An Evaluation of Tanker Resistance
Prediction Accuracy in NavCad
A HydroComp Technical Report
Product link: NavCad
This report evaluates
the use of NavCad for the resistance prediction of tankers. A
discussion of the unique prediction challenges for modern tankers
- and their solution - is presented.
Due to a modern
tanker's full form and its operation at relatively slow speeds,
a large portion of its resistance is viscous. Viscous resistance
(made up of a frictional and a "form" component) does not scale
from model to ship in the same way as the wavemaking resistance,
which is directly proportional at both model and ship scale. Therefore,
hulls with large viscous resistance must separate the "form" component
out of the traditional "residuary" resistance, and isolate this
from the wavemaking resistance. This means that tankers should
utilize the three-dimensional ITTC-78 Cw-based (wave-making) model-ship
extrapolation method. Values of the "1+k" form factor frequently
in excess of 1.3 underscore the need to use this approach.

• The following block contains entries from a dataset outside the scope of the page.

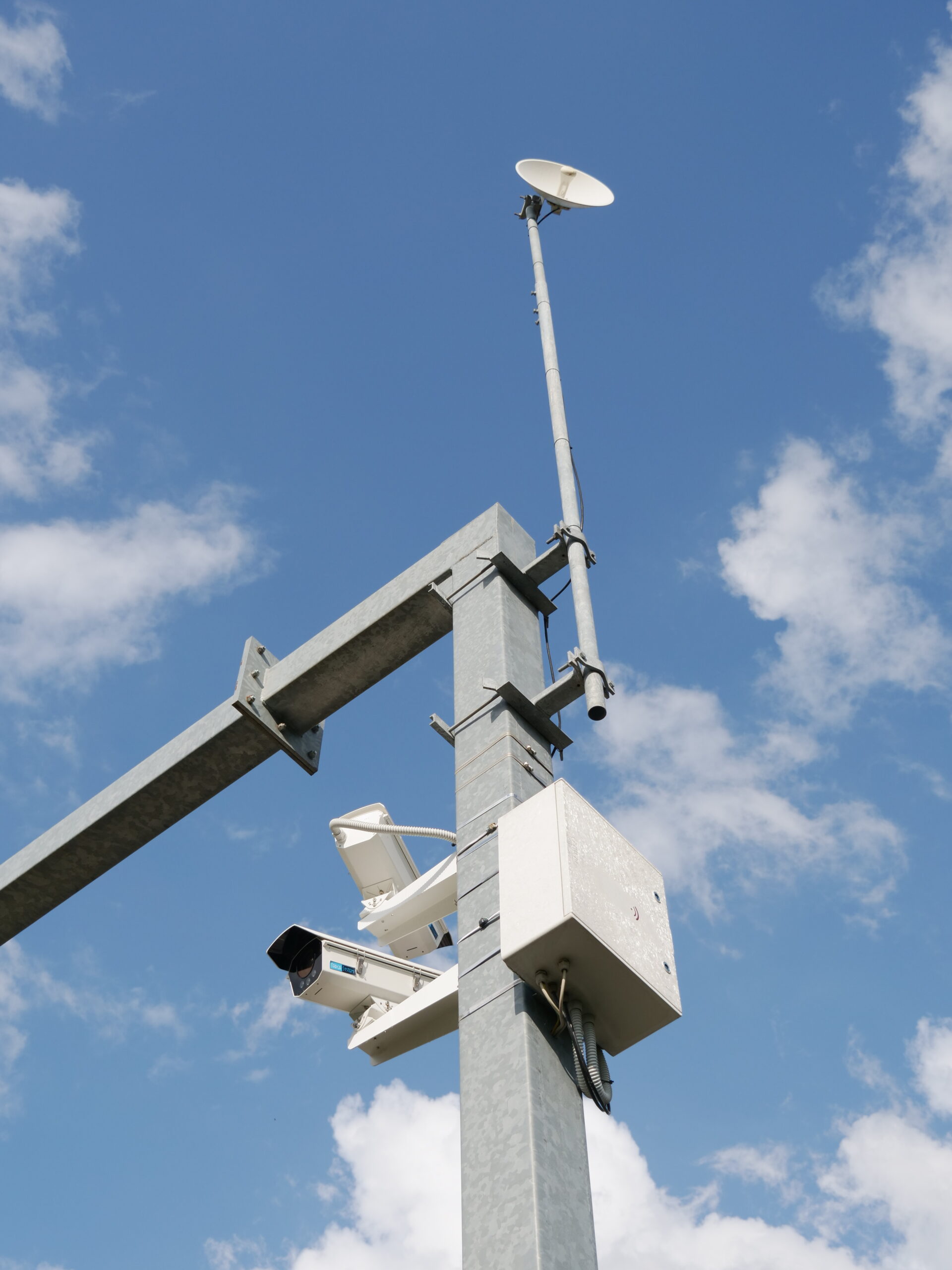 Software e telecamere per varchi lettura targhe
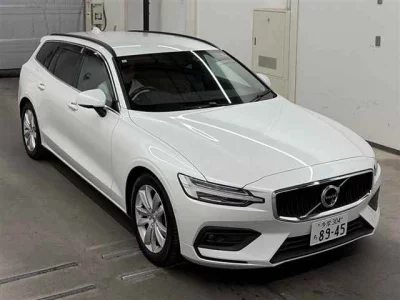 Volvo V60  с аукциона в Японии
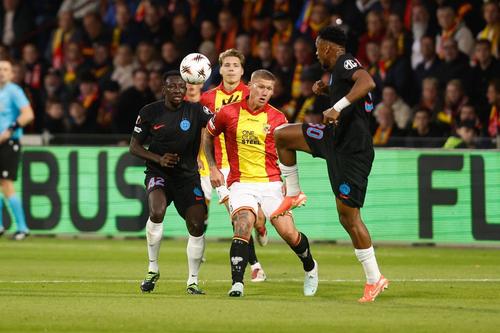 Baba Alhassan (stânga) în Go Ahead Eagles - FCSB / Foto: Imago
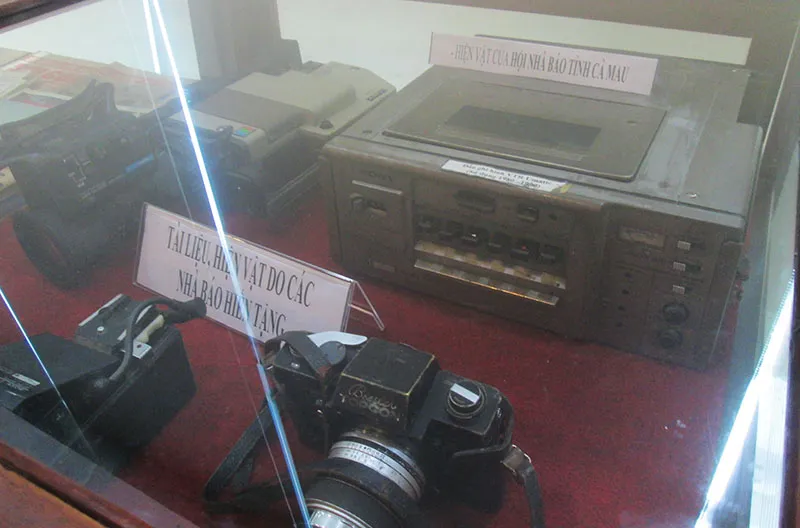 Tặng hơn 1.000 hiện vật cho Bảo tàng báo chí khu vực phía Nam ảnh 3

Experience
has shown that the use of a two-dimensional Cr-based (residuary)
extrapolation can overpredict resistance by as much as 10%.
The value of the
form factor generally varies with the overall hull parameters
(L/B, B/T, Cb), where finer ships have lower values. The wavemaking
resistance, on the other hand, has been shown to be most influenced
by the bow shape - notably the half angle of entrance and the
bulb characteristics [Tagano, 1974].
NavCad has two algorithms
that can be successfully used with tankers - the BSHC method
and the Holtrop-1984 method. Both methods include recent
revisions by HydroComp to improve the specific evaluation of bulbous
bows. A more analytical "complete" algorithm for the wave-making
coefficient replaces the previous "simple" design-oriented algorithm
in the BSHC method [Kostov, 1991]. A slightly revised bulb
resistance algorithm replaces the previous formula in the Holtrop-1984
method [Holtrop, 1988]. The previous Holtrop algorithm significantly
overpredicted the added pressure resistance with large-area, high-centered
bulbs often found on modern tankers.
method provides good quality, consistent prediction of resistance.
While applicable to a broad range of hull parameters, it does
seem to slightly underpredict (2% to 5%).
The BSHC method
shows excellent correlation to tests when all parameters are within
the range of data set values. However, the accuracy of applying
this method to hulls with parameters out of range is generally
poor. It appears that the method is most sensitive to the half
angle of entrance and block coefficient hull parameters.
With either method,
extrapolation to full scale should always be made with the ITTC-78
form factor approach.
As a final note,
it is important to remember that water density and viscosity change
with water temperature (as might be found in tankers operating
in the Middle East). An inaccuracy in viscosity could significantly
affect the viscous resistance, and therefore the total resistance.